Don’t ask, can’t tell
Asking people what they’d pay for and how much rarely works. For one thing people will tell you what they WANT to pay—which is obviously much less than what your product or service is actually WORTH. Second, what people say and what people do are very different things.
When it comes to money, people are unable to predict accurately whether they’d pay or not. It’s much easier to spend hypothetical dollars than real ones.
Also it’s worth remembering that people really don’t know how much things are worth, what’s a fair price (which is the reason TV-shows like “The Price is Right” can actually exist).

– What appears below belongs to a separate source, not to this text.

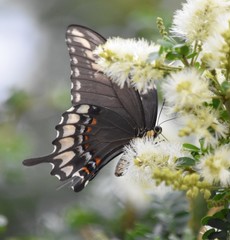 Heraclides ornythion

William Poundstone, the author Priceless: The Myth of Fair Value says this:
“People tend to be clueless about prices. Contrary to economic theory, we don’t really decide between A and B by consulting our invisible price tags and purchasing the one that yields the higher utility, he says. We make do with guesstimates and a vague recollection of what things are “supposed to cost.””
People are weird and irrational, and there’s much we don’t understand. Like why do shoppers moving in a counterclockwise direction spend on average $2.00 more at the supermarket?
Why does removing dollar signs from prices (24 instead of $24) increase sales?
What will work for you depends on your industry, product and customer. When you try to replicate what Valve did to increase their revenue 40x, it might not work for you, but then again, why not give it a try?
Here’s a list of pricing experiments and studies you can get ideas from and test on your own business.
The Economist and decoy pricing
Dan Ariely describes this famous example in his amazing book Predictably Irrational. He came across the following subscription offer from The Economist, the magazine (he’s also explaining this in his TED talk here):
Both, the print subscription and Print & web subscription cost the same, $125 dollars. Ariely conducted a study with his 100 bright MIT students. 16 chose option A and 84 option C. Nobody chose the middle option.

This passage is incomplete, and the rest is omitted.